WScript.Echo strPData
  WriteTextFile g_strOutputFile, strPData

display the finished string at the command prompt and call WriteTextFile to append that string, strPData, to the text log file. To enable this cumulative collection of output, WriteTextFile opens the log file for appending with this code:

Set objTextStream = objFSO.OpenTextFile(strFileName, FOR_APPENDING)

This means that each successive string written to the log file is added onto the existing contents rather than overwriting them.

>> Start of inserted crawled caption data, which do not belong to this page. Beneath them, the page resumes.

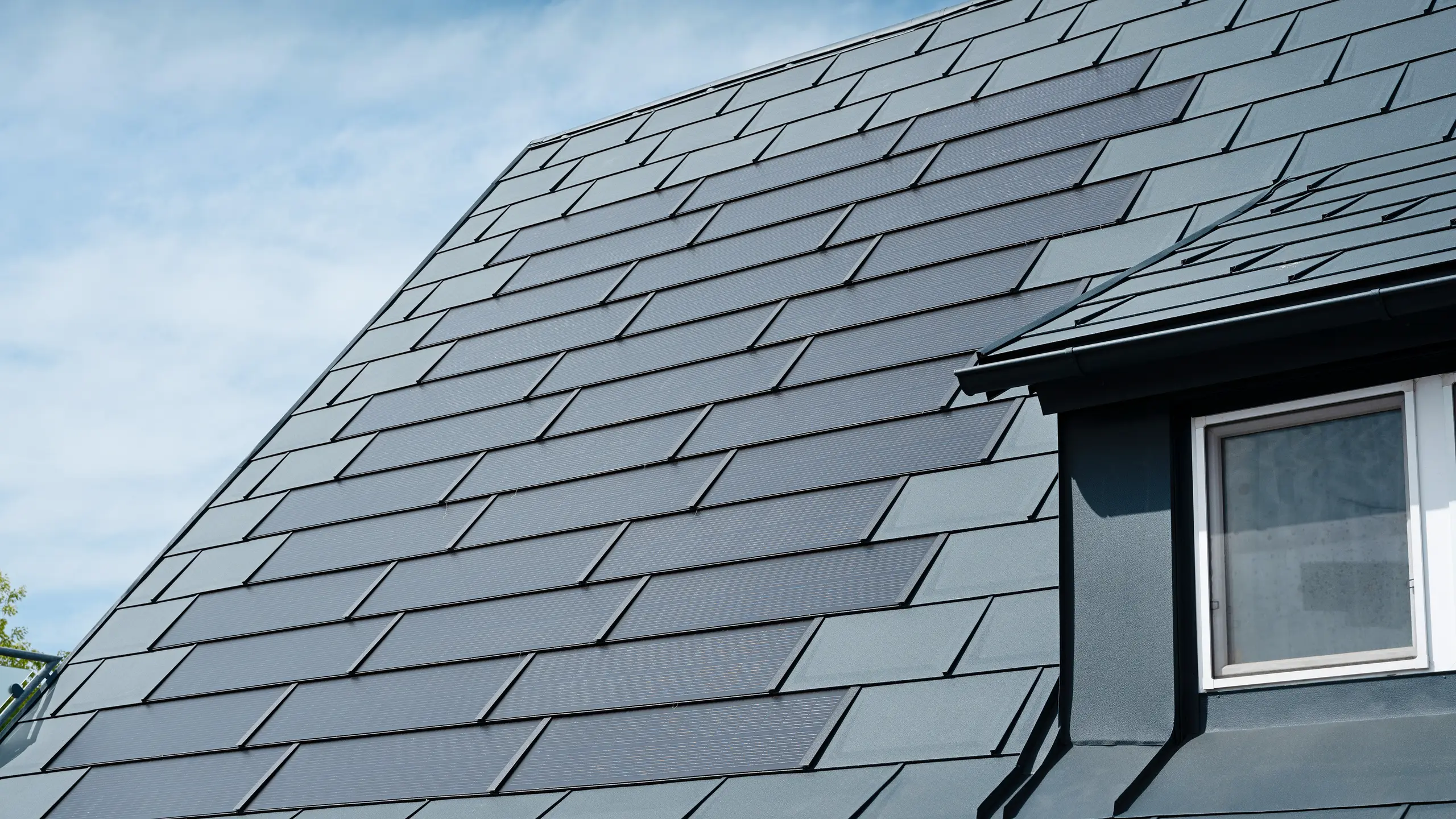 Detailansicht des sanierten Dachs eines Einfamilienhauses in Leonding mit PREFA Solardachplatten in Anthrazit. Die Nahaufnahme zeigt die hochwertigen Aluminiumplatten von PREFA, die eine nahtlose Integration der Solarmodule ermöglichen. Diese langlebige und witterungsbeständige Lösung bietet eine nachhaltige und energieeffiziente Möglichkeit zur Stromerzeugung. Das Bild verdeutlicht die ästhetische und funktionale Qualität der verwendeten Materialien. Am rechten Bildrand ist ein weißes Fenster unter einer Schleppgaube zu erkennen.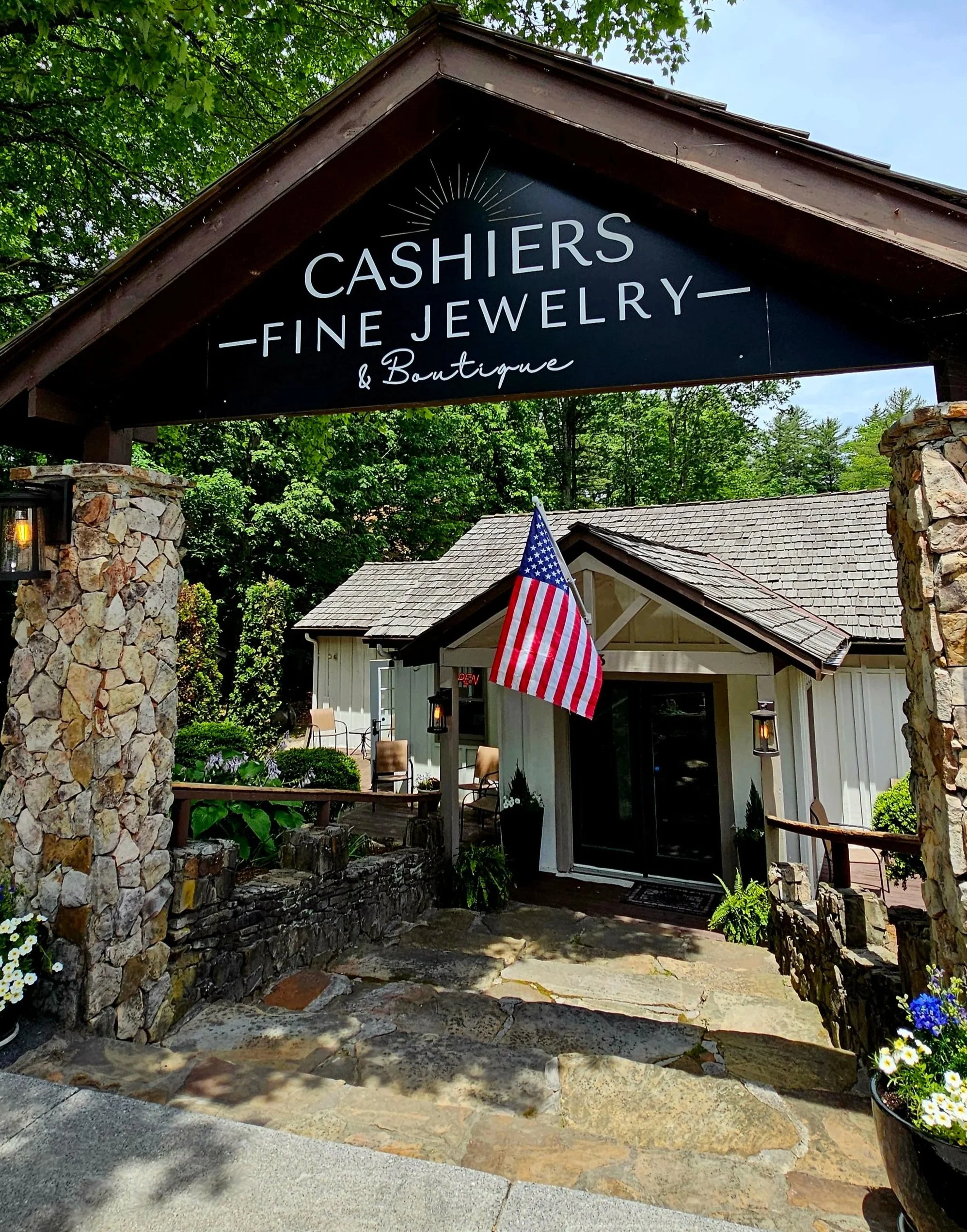 Street view of Cashiers Fine Jewelry showing the sign and an American Flag
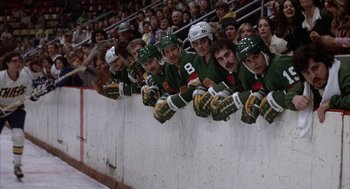 Movie still from “Slap Shot” (1977), directed by George Roy Hill – A group of hockey players on the side of a wall; Wide shot, High angle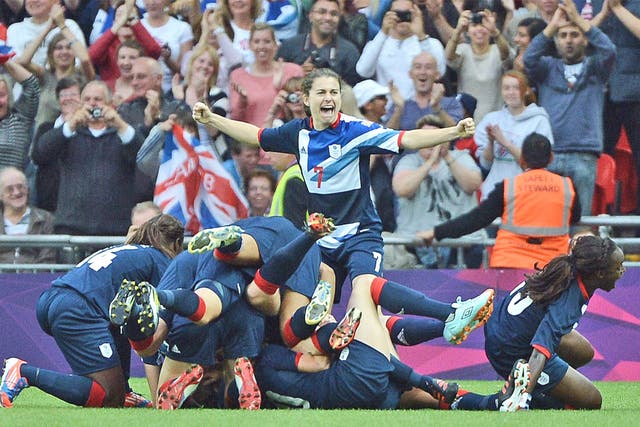 The Team GB players celebrate a historic victory
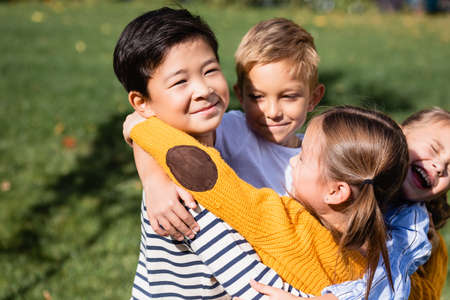 Asian boy looking at camera while hugging smiling friends outdoors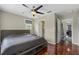 Main bedroom with hardwood floors, natural light, and en-suite bathroom access at 412 E Amelia Ave, Tampa, FL 33602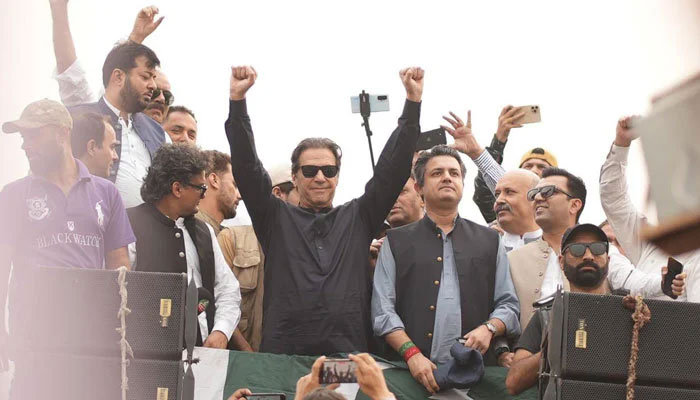 PTI Founder Imran Khan gestures at the march participants as his convoy arrives in Gujranwala on November 1, 2022. — Instagram/@ptiofficial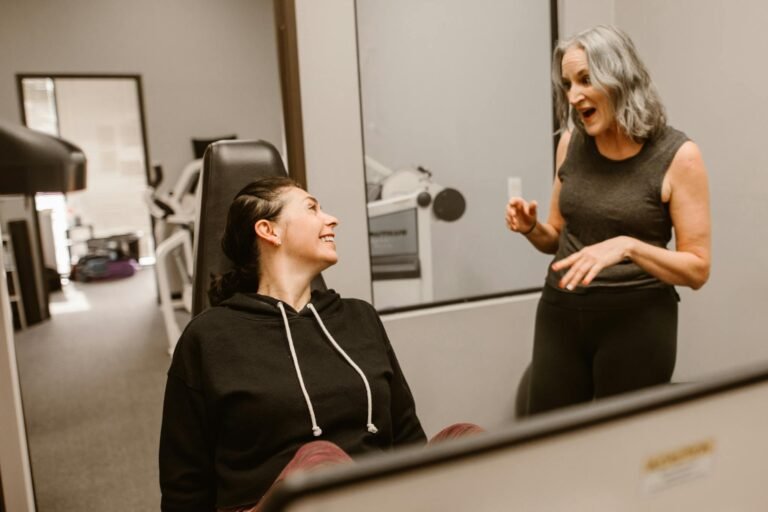 Two women in a gym setting sharing a joyful moment, promoting fitness and wellbeing.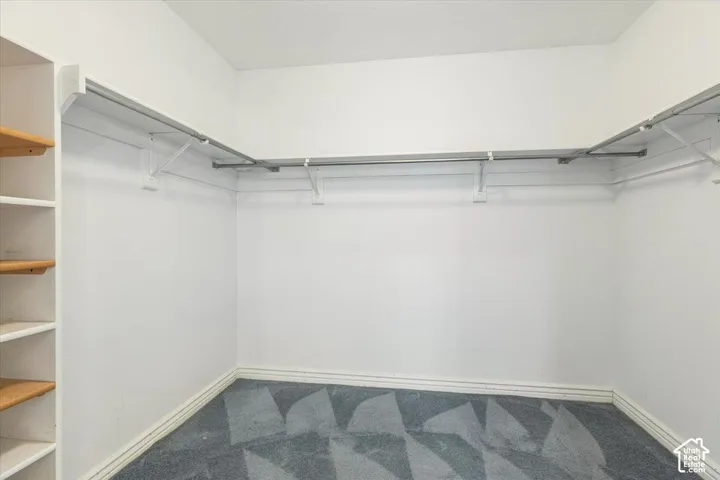 Walk-in closet with integrated shelving, L-shaped hanging rods, and patterned carpeting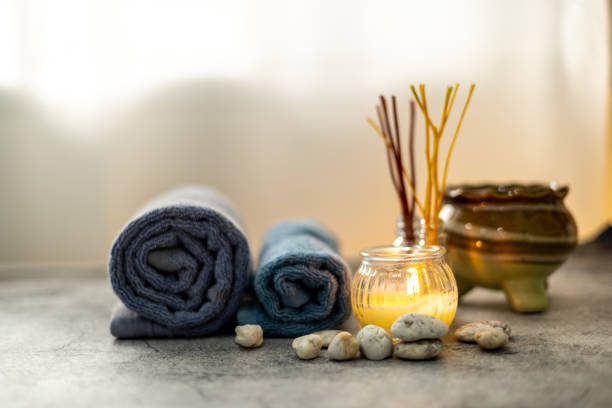 Image of Set of aromatherapy beauty spa essentials for rejuvenating wellness with scented candles, herbal scents, massage oils and roll towels on the stone table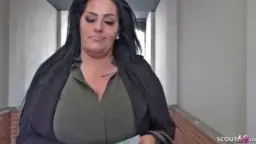 Vollbusige dunkelhaarige Milf mit hochgesteckten Haaren lehnt lustvoll stöhnend an einer Betonwand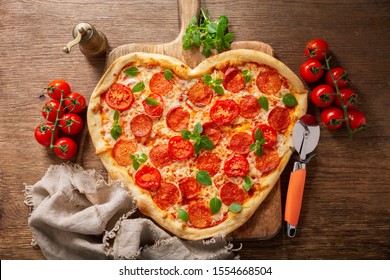 Valentines Day Food. Heart Shapped Pepperoni Pizza With Green Basil On Wooden Table, Top View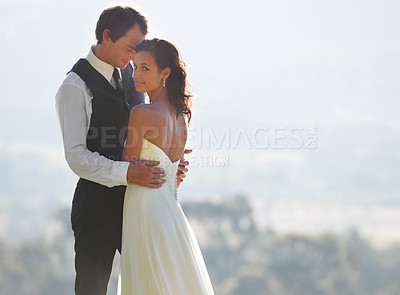 Buy stock photo Couple hug, bride and groom at wedding, outdoor in nature for social event with love and commitment. Man, woman and marriage, celebrate with trust and care together on hill with life partner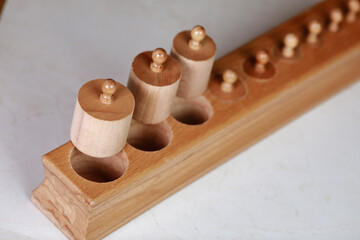 montessori sensorics cylinder block low to high and color blue box with cylinders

Here is a hypothetical log file:

Listing 8: Text file output log.

Host: sea-wks-1

  Checking for target processes ...
  Process Name: freecell.exe
    PID: 3247
    Time: 7/21/2005 4:22:40 PM
    Terminated
  Target processes found: 1
  Target processes terminated: 1


  Checking for target services ...
  Service Name: Alerter
    Status: Running
    Startup Type: Manual
    Time: 7/21/2005 4:22:41 PM
    Stopped service
    Disabled service
  Target services found: 1
  Target services stopped: 1
  Target services disabled: 1


  Monitoring target processes.


  Monitoring target services.


Host: sea-wks-2


  Checking for target processes ...
  Target processes found: 0


  Checking for target services ...
  Service Name: SCardSvr
    Status: Stopped
    Startup Type: Disabled
    Time: 7/21/2005 4:22:42 PM
    Already stopped
    Already disabled
  Target services found: 1
  Target services stopped: 1
  Target services disabled: 1


  Monitoring target processes.


  Monitoring target services.


Host: sea-srv-1


  ERROR on sea-srv-1
    Number: 462
    Description: The remote server machine does not exist or is unavailable
    Source: Microsoft VBScript runtime error


     -----------------------------------------------------------------

In monitoring mode ... Ctrl+C to end

Target process on: sea-wks-2
  Name: calc.exe
  PID: 3940
  Time: 7/21/2005 4:21:55 PM
  Terminated process.


Target service on: sea-wks-1
  Name: SCardSvr
  Status: Stopped
  Startup Type: Manual
  Time: 7/21/2005 4:23:05 PM
  Already stopped
  Disabled service


Target service on: sea-wks-2
  Name: WZCSVC
  Status: Stopped
  Startup Type: Disabled
  Time: 7/21/2005 4:23:06 PM
  Already stopped
  Already disabled


Target process on: sea-wks-1
  Name: notepad.exe
  PID: 3040
  Time: 7/21/2005 4:21:50 PM
  Terminated process.


Target service on: sea-wks-1
  Name: Alerter
  Status: Stopped
  Startup Type: Manual
  Time: 7/21/2005 4:23:19 PM
  Already stopped
  Disabled service


Target service on: sea-wks-2
  Name: WZCSVC
  Status: Stopped
  Startup Type: Disabled
  Time: 7/21/2005 4:23:20 PM
  Already stopped
  Already disabled
^C

Postscript

We could extend this script to perform tasks such as deleting files or registry entries and removing users or shares. The modular construction of Listing 7 makes it relatively easy to add functions to it that perform these tasks. But Dr. Scripto is once again asleep on his desk, drained by the exertion, and if you have come this far, patient reader, perhaps you are ready for a break, too.